The objective of this assignment is to provide you with an opportunity to explore the themes covered in Part Two with regard to the use of both studio and location for the creation of portraits.
This assignment is about taking what has worked from the above exercises and then trying to develop this further in terms of interchanging the use of portraits taken on location (street) with portraits taken inside (studio). You need to develop a series of five final images to present to the viewer as a themed body of work. Pay close attention to the look and feel of each image and think how they will work together as a series. The theme is up to you to choose; you could take a series of images of a single subject or a series of subjects in a themed environment. There is no right answer, so experiment.

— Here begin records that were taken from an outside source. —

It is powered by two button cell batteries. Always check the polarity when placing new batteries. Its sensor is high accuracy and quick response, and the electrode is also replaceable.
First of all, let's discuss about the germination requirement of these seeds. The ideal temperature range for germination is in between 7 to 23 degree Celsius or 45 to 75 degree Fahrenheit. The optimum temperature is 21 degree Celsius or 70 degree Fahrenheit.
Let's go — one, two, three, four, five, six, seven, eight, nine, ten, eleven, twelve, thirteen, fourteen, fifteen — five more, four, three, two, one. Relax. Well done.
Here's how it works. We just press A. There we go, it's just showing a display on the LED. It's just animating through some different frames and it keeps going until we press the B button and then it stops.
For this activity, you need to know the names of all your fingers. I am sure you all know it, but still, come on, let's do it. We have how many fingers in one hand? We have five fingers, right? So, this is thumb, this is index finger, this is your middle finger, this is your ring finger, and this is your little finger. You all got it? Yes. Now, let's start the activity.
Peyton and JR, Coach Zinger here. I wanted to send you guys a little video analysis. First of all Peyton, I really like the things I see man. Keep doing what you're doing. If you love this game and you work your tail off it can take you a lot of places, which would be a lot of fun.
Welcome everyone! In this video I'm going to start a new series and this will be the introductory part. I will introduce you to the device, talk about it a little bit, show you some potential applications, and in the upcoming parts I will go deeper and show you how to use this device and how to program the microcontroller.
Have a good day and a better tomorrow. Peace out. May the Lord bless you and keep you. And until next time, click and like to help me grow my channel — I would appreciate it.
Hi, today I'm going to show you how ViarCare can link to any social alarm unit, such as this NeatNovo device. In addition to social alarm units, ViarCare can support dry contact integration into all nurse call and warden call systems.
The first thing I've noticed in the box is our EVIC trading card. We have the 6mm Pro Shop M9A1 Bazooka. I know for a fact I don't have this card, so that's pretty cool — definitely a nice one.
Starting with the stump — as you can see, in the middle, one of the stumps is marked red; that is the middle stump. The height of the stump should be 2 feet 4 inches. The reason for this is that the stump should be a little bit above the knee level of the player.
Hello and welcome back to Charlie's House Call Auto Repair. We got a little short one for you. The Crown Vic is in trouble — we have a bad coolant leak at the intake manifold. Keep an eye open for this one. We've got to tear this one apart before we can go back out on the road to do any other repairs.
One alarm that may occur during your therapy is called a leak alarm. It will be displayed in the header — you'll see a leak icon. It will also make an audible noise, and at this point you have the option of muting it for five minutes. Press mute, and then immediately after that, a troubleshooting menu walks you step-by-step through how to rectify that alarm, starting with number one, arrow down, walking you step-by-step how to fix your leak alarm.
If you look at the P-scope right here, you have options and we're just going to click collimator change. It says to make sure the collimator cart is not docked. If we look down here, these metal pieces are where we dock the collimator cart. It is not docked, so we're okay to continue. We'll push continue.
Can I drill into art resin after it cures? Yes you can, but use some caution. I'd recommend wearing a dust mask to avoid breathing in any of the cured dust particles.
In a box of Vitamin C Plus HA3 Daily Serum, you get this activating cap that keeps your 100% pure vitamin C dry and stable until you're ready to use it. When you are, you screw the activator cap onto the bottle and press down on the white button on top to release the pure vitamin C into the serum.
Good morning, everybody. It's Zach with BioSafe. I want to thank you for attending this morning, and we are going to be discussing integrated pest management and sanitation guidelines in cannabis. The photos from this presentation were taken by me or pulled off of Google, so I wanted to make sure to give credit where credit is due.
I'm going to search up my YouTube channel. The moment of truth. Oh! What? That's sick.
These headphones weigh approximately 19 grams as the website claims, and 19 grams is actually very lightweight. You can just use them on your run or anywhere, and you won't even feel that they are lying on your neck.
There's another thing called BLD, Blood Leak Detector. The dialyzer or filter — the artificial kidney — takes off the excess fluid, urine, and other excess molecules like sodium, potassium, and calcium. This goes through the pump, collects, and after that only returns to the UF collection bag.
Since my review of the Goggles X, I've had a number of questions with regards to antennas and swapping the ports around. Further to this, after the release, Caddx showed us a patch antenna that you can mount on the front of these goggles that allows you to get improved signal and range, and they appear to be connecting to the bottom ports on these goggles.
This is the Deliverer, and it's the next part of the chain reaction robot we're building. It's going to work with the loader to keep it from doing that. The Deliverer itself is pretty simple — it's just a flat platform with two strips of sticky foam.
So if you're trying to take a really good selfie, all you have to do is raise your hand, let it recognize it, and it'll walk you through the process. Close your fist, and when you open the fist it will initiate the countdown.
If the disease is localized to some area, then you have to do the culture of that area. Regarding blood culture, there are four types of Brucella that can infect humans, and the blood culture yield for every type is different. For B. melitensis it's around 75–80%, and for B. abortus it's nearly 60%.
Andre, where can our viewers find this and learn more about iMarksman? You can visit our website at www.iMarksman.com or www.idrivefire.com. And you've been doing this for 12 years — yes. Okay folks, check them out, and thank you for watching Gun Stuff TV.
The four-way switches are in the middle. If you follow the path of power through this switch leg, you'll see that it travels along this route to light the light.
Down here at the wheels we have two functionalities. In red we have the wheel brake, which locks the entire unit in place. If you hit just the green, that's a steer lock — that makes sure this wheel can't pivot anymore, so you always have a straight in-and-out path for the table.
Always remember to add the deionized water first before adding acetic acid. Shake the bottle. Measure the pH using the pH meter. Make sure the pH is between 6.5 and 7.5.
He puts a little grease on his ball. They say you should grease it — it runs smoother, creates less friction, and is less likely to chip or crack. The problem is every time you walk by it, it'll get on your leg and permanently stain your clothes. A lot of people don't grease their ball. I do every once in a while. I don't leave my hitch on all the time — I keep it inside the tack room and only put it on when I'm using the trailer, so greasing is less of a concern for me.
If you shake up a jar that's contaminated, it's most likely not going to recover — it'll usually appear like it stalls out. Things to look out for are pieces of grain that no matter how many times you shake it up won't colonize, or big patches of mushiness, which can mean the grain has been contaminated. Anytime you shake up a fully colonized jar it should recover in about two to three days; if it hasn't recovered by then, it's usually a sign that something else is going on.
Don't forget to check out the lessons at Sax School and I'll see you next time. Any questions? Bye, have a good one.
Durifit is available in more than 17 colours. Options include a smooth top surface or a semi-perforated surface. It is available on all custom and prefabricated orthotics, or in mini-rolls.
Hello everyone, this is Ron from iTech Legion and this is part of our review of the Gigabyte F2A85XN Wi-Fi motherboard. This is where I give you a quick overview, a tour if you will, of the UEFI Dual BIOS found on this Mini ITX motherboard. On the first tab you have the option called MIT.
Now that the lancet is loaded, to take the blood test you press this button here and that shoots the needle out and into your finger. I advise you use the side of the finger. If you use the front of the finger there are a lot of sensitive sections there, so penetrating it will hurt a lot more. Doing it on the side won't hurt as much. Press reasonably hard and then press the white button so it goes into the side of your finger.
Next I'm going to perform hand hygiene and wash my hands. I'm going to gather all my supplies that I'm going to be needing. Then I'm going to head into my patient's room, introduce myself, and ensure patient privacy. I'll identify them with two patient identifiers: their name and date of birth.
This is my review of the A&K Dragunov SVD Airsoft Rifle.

I have been finding it difficult to find any decent inspiration for a subject to photograph for this assignment. I have had a few ideas and crossed the off for not being creative enough, adventurous enough, or simply interesting enough. I have started questioning what constitutes a portrait and whether it means that it has to be of someone’s face, or could it be of parts of them. I questioned this while trying out one idea which was to do a kind of montage after David Hockney. I went to his exhibition in London a couple of months ago and was taken with both the vibrancy of his colour in paintings while also being fascinated by his photographic work. It seems to simple yet to pull it off takes skill. I also found them interesting and amusing, and the fact that he could do something so simplistic while being a more than proficient artist.
Carrying on from this, I asked my older son to sit for me while I photographed him in sections in order to try to pull together a montage that would be him. I was casual about it as it was more a fact-finding mission than a first shoot. He was a bit reluctant but agreed to give me some time and sat for me. He has tattoos on both arms, one more heavily decorated than the other, and I wanted to capture those as well as they are important to him, part of who he is as a person. Using an 85mm fixed lens, I sat him in the shade on a bright sunny day against a blue backdrop of our shed. Unconsciously, I managed to get him in blue and black sitting on a black chair against a blue backdrop. He was patient while I did the shots that I wanted, and only occasionally slipped the mask. In most of the images, he has the same expression – a resigned, neutral and slightly closed look. It is the look of someone allowing themselves to be photographed rather than giving themselves to it.
My interest was increased by the other strand to what I was thinking about. I was thinking about masks, about how we only present what we want others to see, and there is a dark side to us. I was exploring the dark vs light aspect of our personalities, what we show and what we hide. I was playing with trying to capture that at the same time. He sat and I photographed him. Then we used more of the sunlight and I was deliberately posing him so that some of his face was shaded. I aimed for tight crops so that it was mainly head and shoulders rather than full body.
Post shoot, I went through them and looked at them more closely. I did my montage which kind of worked but the interesting compilation came about through an expression that I caught of his when he had his eyes closed briefly. It changed the feel of the overall image, and got me thinking more about the dark vs light. It was a little as though a barrier had been let down briefly and that was more him. The more I looked at the photos and the same expression throughout, the more I began thinking seriously about pursuing this as the assignment. I am thinking about redoing it with some focus on different parts of him – the arms with their tattoos, maybe his legs as they both have tattoos, his eyes. I was very drawn to the more unusual crops that I had made as part of the montage: the head showing just eyes and nose at the bottom of the frame; the bicep in one corner and one eye in the opposite corner; the hands resting in his lap showing the tattoos on his fingers; and the whole of him sitting static in the chair. I keep coming back to this idea but wonder if it is too vague for the brief. Harry Callahan did some of his wife in a similar manner – her arm on the beach, a blurred outline against a window, or the one illustrating the course materials of her in water showing just her head. Robert Mapplethorpe also did some self-portraits of parts of his body – one shows just his head and half of his torso with an outstretched hand. Are these still considered to be portraits?
My alternative is to do still one person but along the lines of ‘Same person, different backgrounds’. I have done an initial shoot that went well but could do with fleshing out a bit. I spent some time with a Fire Officer who kindly allowed me to shoot him at home as well at one of the Fire Stations. He suggested going back there at night to do one of the engine with blue lights flashing. That would be so cool! My tutor’s advice to me was “Shoot. Review, Shoot again.” Whatever I decide, I think some more shooting is in order.